Ten years is a long time. It is a short time. It is no time. It just is. Whatever I make it, it becomes part of the flow of my life moving in and out. It becomes part of the journey from there to here. It becomes and is, all part of the undertow, the ebb and flow, the washing over and the moving into living every day with joy and gratitude.

I have an anniversary edging its way onto the horizon. I want to scour my memory banks, dredge through my veins cleaning out all remnants of ‘those times’ to free my blood to flow clear today.

I feel the presence of those days more at this time of year.
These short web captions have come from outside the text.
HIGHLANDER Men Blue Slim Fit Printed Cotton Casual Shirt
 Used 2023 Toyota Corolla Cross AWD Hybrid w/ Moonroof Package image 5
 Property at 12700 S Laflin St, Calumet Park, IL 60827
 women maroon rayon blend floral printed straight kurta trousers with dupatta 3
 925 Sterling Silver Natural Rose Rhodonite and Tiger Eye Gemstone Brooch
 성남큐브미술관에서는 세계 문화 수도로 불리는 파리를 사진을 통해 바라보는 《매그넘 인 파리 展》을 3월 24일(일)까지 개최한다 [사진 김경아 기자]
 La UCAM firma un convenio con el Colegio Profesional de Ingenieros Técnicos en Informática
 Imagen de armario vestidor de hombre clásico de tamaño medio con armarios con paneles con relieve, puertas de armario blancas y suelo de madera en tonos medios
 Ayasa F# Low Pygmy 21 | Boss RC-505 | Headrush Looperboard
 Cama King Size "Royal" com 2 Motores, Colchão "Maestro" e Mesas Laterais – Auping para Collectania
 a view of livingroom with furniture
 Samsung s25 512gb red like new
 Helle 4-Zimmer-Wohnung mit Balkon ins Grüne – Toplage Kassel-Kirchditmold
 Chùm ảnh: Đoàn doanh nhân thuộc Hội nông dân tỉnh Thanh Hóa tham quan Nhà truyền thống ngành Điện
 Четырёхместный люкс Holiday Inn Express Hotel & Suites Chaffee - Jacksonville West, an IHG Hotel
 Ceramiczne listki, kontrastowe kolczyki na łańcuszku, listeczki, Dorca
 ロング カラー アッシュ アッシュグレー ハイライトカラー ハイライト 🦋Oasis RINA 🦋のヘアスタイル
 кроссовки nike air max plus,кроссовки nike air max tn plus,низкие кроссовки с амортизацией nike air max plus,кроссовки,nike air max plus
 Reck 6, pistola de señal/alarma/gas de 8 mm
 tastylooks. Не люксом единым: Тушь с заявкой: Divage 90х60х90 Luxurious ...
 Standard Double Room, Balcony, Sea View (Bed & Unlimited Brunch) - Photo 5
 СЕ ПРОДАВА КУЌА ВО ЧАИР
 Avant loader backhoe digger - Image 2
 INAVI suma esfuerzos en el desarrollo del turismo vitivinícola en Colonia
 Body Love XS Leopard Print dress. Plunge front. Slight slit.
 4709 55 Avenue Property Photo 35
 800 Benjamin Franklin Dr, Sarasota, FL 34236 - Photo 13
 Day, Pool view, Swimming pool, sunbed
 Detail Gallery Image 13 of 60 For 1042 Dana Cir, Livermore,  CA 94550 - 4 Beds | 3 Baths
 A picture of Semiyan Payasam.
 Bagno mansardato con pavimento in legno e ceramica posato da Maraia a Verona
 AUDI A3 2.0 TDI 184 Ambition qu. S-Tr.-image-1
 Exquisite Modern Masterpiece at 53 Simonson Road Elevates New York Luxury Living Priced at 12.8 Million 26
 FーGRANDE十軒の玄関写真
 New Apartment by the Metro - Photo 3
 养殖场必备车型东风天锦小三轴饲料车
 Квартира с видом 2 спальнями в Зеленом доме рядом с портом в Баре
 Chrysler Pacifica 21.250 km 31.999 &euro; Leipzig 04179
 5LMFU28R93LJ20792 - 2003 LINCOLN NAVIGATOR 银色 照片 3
This is the time I was ‘disappeared’. These are the months when I was not alive. Not here. Not present. These are the days when I waited, frightened, alone, terrified, yearning for release. Waiting to die. Those were the days. This is now.

I live. Free. I live. Alive. I life in the flow of life all around, gratitude swelling my heart to bursting. Love beating a fierce tattoo within my being all present, all here, all encompassed by life in the rapture of now.

It will be ten years this May since that morning I awoke and was given the gift of my life. Freedom. Release. Ten years since the fear that encased my heart with invisible bonds were broken. Ten years.

A decade.

A time of growing. Of deepening. Of becoming.

A time of celebrating all that is true and beautiful and wondrous. A time of letting go. Of releasing. Of forgiving. Of loving.

A time to reflect upon and see how far I’ve come since that morning in May when I sat in catatonic disbelief that what I feared the most, his disappearing from my life, was the one thing that could set me free.

I am in awe of the power of love and forgiveness. I am in awe the healing that comes when I let go of fear and stand with love in the broken places.

I am in awe.

I have an anniversary coming up. I don’t know how I’ll mark the day, but I know, this time is a time to rejoice, to cherish, to celebrate all that I am when I let go of fearing who I am is not enough.

I am, me. And that’s enough for me.

May your day be filled with the wonder and joy of knowing there is no one else just like you in the world. You are unique. A gift. A wondrous being of light. A magnificent soul of love and beauty. May you radiate love and joy in everything you do, through everything you are and may you know you are loved, just the way you are.